Aquella noche, mientras el joven terminaba de montar el campamento prefabricado, Erasmo hizo de cocinero en una cocina portátil; metió su sensor en un estofado de conejo de Corrin y lo sazonó como si supiera lo que estaba haciendo. Luego observó con atención mientras Gilbertus comía. El robot se limitó a probar los platos con sensores gustativos en un intento por comprender lo que su pupilo estaba experimentando.

Después el robot continuó su última lección desde el punto donde la habían dejado. Ahora que había conseguido inculcar a aquel salvaje un comportamiento más cívico, Erasmo se concentraba en fomentar su memoria mediante ejercicios mentales.

—Treinta y siete billones, ochocientos sesenta y ocho millones, cuarenta mil ciento cincuenta y seis —dijo.

—La población que tendría ahora la Tierra, basándonos en las proyecciones de las tasas de nacimiento y mortalidad, de no haber intervenido Omnius y si el planeta no hubiera sido destruido.

—Exacto. Una educación adecuada no tiene límites.

Mientras el frío arreciaba y la noche avanzaba, Erasmo siguió haciendo preguntas y más preguntas, y su alumno manifestó una notable habilidad para organizar y utilizar los datos que tenía en su mente, igual que haría una máquina. La capacidad de aprendizaje de aquel joven era impresionante, y demostró que era capaz de realizar cálculos y procesos de pensamiento avanzados. El cerebro orgánico de Gilbertus había aprendido a barajar las diferentes posibilidades y consecuencias, y a escoger la mejor alternativa.

Más tarde, aquella misma noche, cuando empezaba a nevar, Erasmo vio que su alumno empezaba a cometer errores. Pacientemente, el robot siguió incorporando información a lo que su alumno ya sabía, colocando pacientemente nuevos datos en su mente de forma que pudiera recurrir a ellos con rapidez en la forma de memoria orgánica. Pero aunque Gilbertus no dijo nada, su atención se desviaba y parecía que le costaba concentrarse.

Erasmo se dio cuenta de que estaba agotado por la difícil escalada y la falta de descanso. Cometía ese mismo error con frecuencia, olvidaba que los humanos necesitan dormir y que ni siquiera las sustancias más avanzadas pueden suplir esa función natural. Incluso si Gilbertus Albans tenía un suministro de energía biológica regular, no podía enseñarle ininterrumpidamente las veinticuatro horas.

Aunque el conocimiento no tiene límites
—meditó—,
la capacidad de aprendizaje del humano tiene unas fronteras muy definidas.
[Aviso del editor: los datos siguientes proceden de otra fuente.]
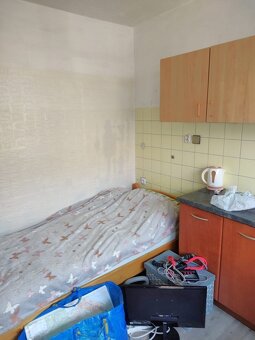 1.lůž. pok. studentiKy + 1 místo ve 2.lůž. pok. RD, zařízeno - 5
—Ahora duerme, Gilbertus. Deja que tu mente asimile y procese la información, y seguiremos cuando te levantes.

—Buenas noches, señor Erasmo —dijo el joven con voz cansada pero juguetona, y se metió en su cubículo calentito.

Erasmo se quedó sentado, inmóvil, mirando y grabando con cientos de fibras ópticas hasta que Gilbertus se quedó dormido. Aquella excursión le estaba resultando mucho más gratificante de lo que esperaba.

Sin despertarlo, dijo:

—Buenas noches, Gilbertus.

81

Es un hecho comprobado en la existencia humana que las relaciones cambian. Nada es completamente estable, ni siquiera de una hora a otra. Siempre hay variaciones sutiles, alteraciones y ajustes que hay que tener en cuenta. Nunca hay dos momentos que sean exactamente iguales.

S
ERENA
B
UTLER
,
Observaciones

Cada una de las máquinas grandes y negras que había sobre la turba helada estaba dirigida por un par de operarios humanos situados en una cabina muy alta ante los mandos. Largos brazos hidráulicos se hundían en aquella materia helada, extraían grandes cantidades de materia vegetal, esponjosa y derretida, y la arrojaban en los camiones de tierra que iban y venían. Los llanos de Kolhar parecían un hormiguero gigante y revuelto.